Levels of alternative spliced CC3 proteins were significantly different between controls and CNV groups (p < 0.05), with median levels almost twice higher in CNV than in controls. There was an increasing trend for plasma levels of Αβ isotypes across AMD progressive stages (p values ranged from 0.052 to 0.0012) (ANCOVA). When adjusted for multiple comparisons analysis, plasma Aβ 1-42 levels, and its ratio with Aβ 1-40 were the most significantly associated with late AMD stages. Consistently with the ANCOVA results for Αβ isotypes, the ROC curve showed a moderate prediction (AUC = - ~ 0.78) of AMD vs control using the Aβ 1-42 isotype.

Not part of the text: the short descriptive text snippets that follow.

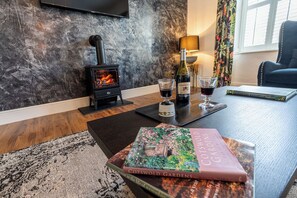 A cozy room with a wood-burning stove, a table with a book and glasses of wine, and a window with curtains. - Luxury Loft Above The Chipping Steps, Tetbury  (Tetbury)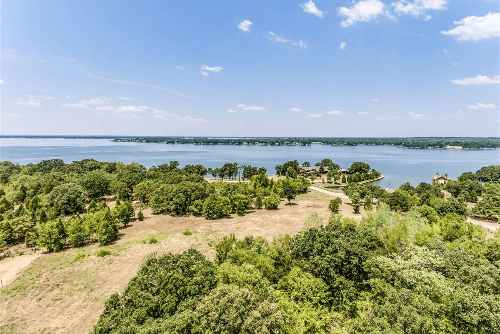 Aerial view of Lot 81 in Beachwood Estates, Cedar Creek Reservoir, Henderson County Texas, showing the wooded lot with nearby water.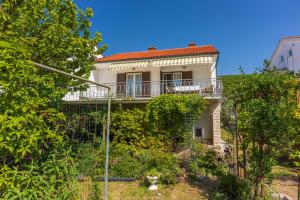 a white house with a balcony and bushes at Apartment Kreso in Punat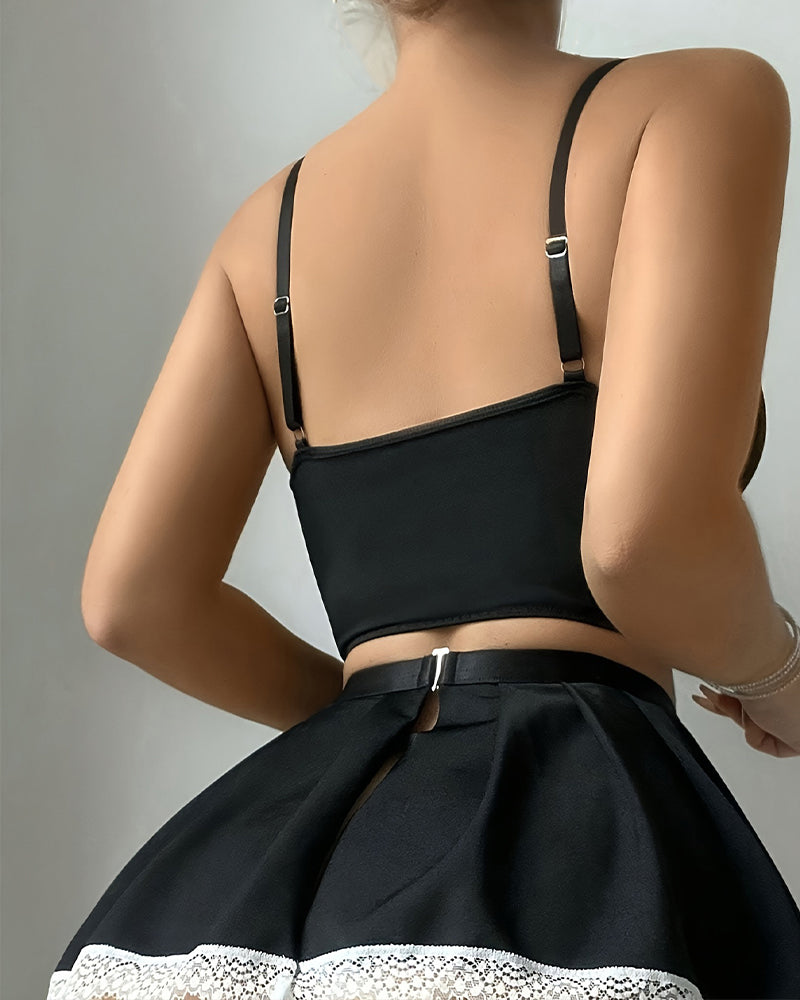 Black Exotic Maid Lingerie set, featuring corset top, skirt with lace trim, and adjustable straps.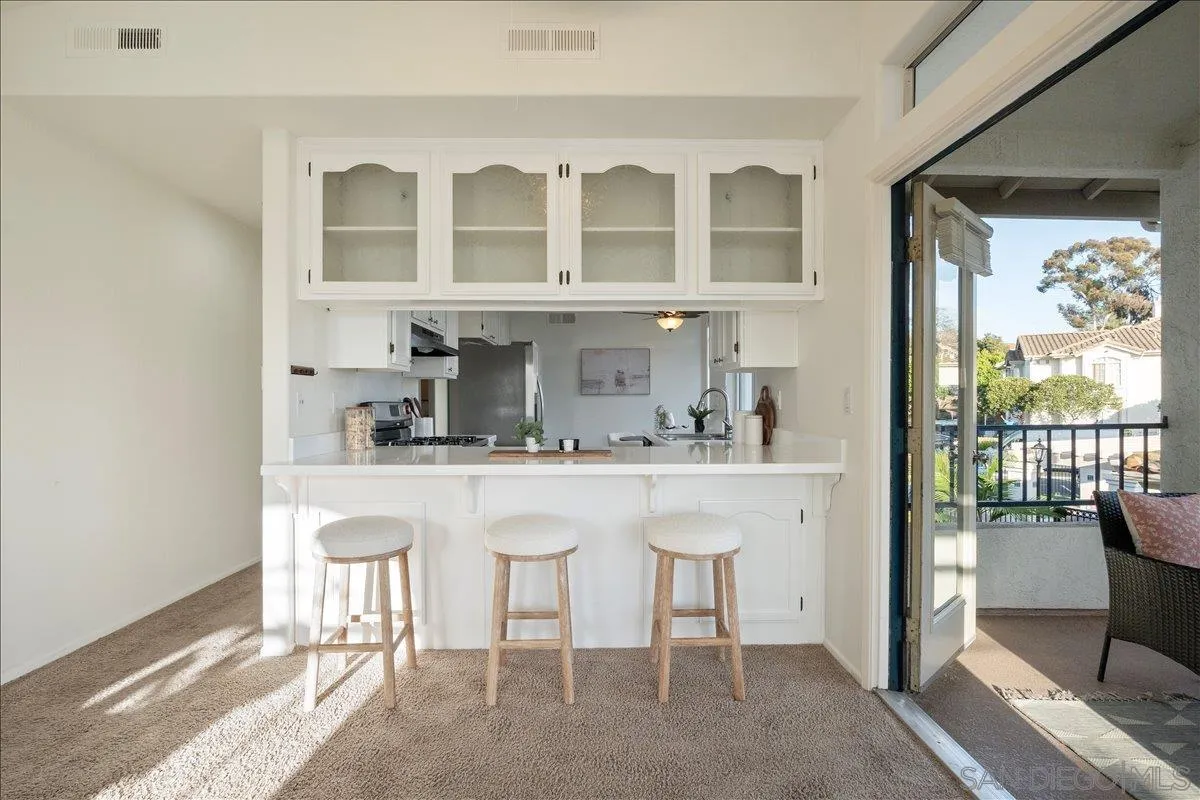2315 Rancho Del Oro Drive, Unit 14 Oceanside, CA 92056 - Photo 5 of 34 a kitchen with a sink and chairs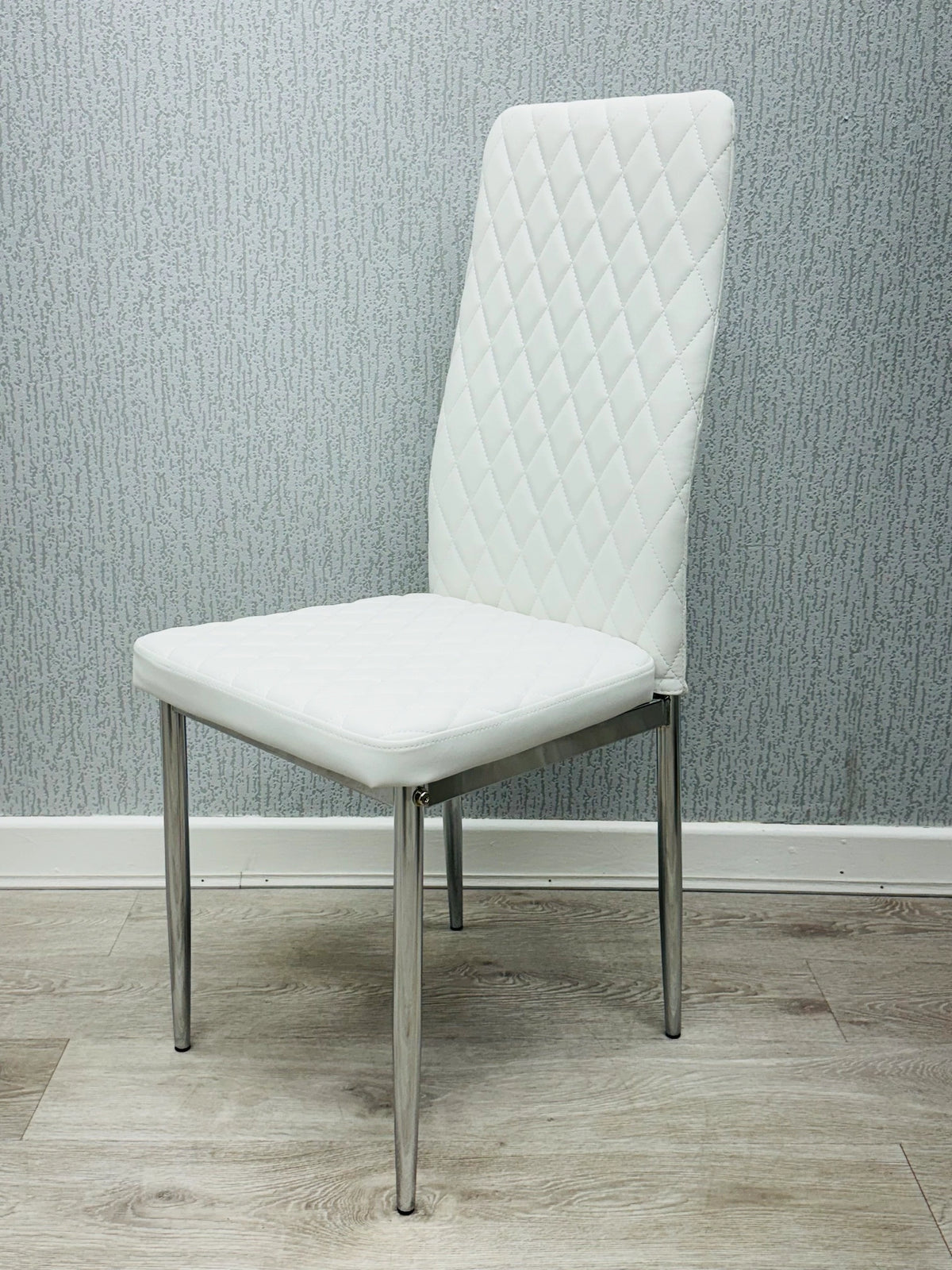 White California PU Dining Chair front view in faux leather with chrome legs by Solid Furniture UK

Plasma Aβ 1-42 may have utility as a systemic biomarker for AMD.
研究不同阶段年龄相关性黄斑变性(AMD)患者与年龄匹配的对照组相比,血浆中β淀粉样蛋白(Aβ)水平及多种炎症介质水平,并探讨其与疾病严重程度的关系。
采集处于疾病不同阶段(早期仅存在玻璃膜疣、地图样萎缩(GA)、新生血管性AMD(CNV))的AMD患者以及年龄相仿无AMD的对照者的血浆样本。使用市售酶联免疫吸附测定试剂盒(检测16种细胞因子)或液相色谱/串联质谱法(检测Aβ亚型)对样本进行分析。对所有分析物进行描述性统计。进行协方差分析(ANCOVA),在调整患者性别和年龄的同时,比较AMD各亚组的每种分析物,并与对照组进行比较。针对最强预测变量绘制受试者工作特征曲线。
对照组与CNV组之间可变剪接CC3蛋白水平存在显著差异(p < 0.05),CNV组的中位数水平几乎是对照组的两倍。在AMD进展阶段,Aβ亚型的血浆水平呈上升趋势(p值范围为0.052至0.0012)(ANCOVA)。经过多重比较分析调整后,血浆Aβ 1-42水平及其与Aβ 1-40的比值与晚期AMD阶段的相关性最为显著。与Aβ亚型的ANCOVA结果一致,ROC曲线显示使用Aβ 1-42亚型对AMD与对照进行预测具有中等效果(曲线下面积(AUC)约为0.78)。
血浆Aβ 1-42可能作为AMD的一种全身性生物标志物。